Lord Denning explained:

These courts will not enforce [revenue or penal] laws at the instance of a foreign country. It is quite another matter to say that we will take no notice of them. It seems to me that we should take notice of the laws of a friendly country, even if they are revenue laws or penal laws or political laws,... at least to this extent, that if two people knowingly agree to break the laws of a friendly country or to procure some one else to break them or assist them in the doing of it, then they cannot ask this court to give its aid to the enforcement of their agreement.

K.C. Sethia, [1956] 2 Q.B. at 515. We note that the K.C. Sethia case involved a political law, not a revenue law, and thus presented different considerations than the present case does. See Banco Nacional de Cuba v. Sabbatino, 376 U.S. 398, 414 & n.16 (1964) (noting that doctrine against applying public laws other than revenue and penal laws "may have a broader reach in Great Britain" than in the United States).

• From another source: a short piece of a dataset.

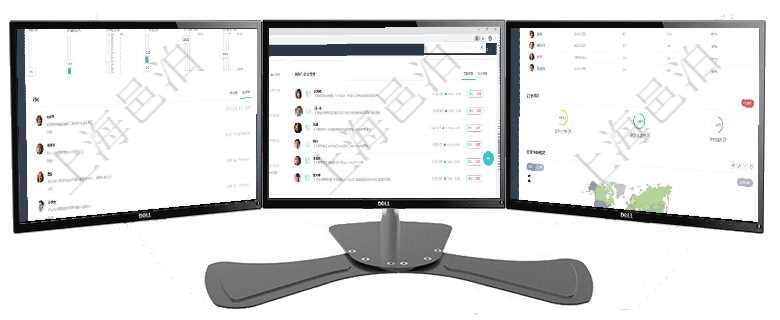 項(xiàng)目管理軟件商業(yè)計(jì)劃管理總經(jīng)理儀表盤可以查看1個(gè)月日均新聯(lián)系客戶、1個(gè)月老客戶綜合滿意度、1個(gè)項(xiàng)目管理軟件證券投資基金管理總經(jīng)理儀表盤可以查看業(yè)務(wù)溝通，比如投資點(diǎn)評(píng)、客戶資金，同時(shí)也可以查項(xiàng)目管理軟件人力資源管理總經(jīng)理儀表盤可以查看公司發(fā)展里程碑、公司事件時(shí)間線、銷售經(jīng)理業(yè)績(jī)統(tǒng)計(jì)、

It seems clear the House of Lords recognized a difference between enforcement by a foreign sovereign as compared to private claims brought by individuals affected by tax laws, as Lord Denning stated in K.C. Sethia:

It seems to me that Lord Mansfield [in Holman v. Johnson] goes too far when he says that these courts will take no notice of such [penal or revenue] laws. It is perfectly true that the courts of this country will not enforce the revenue laws or the criminal laws of another country at the suit of that country, either directly or indirectly. These courts do not sit to collect taxes for another country or to inflict punishments for it.... These courts will not enforce such laws at the instance of the foreign country.

K.C. Sethia, [1956] 2 Q.B. at 515.


We express our appreciation for the excellent submissions made by the parties and amici curiae.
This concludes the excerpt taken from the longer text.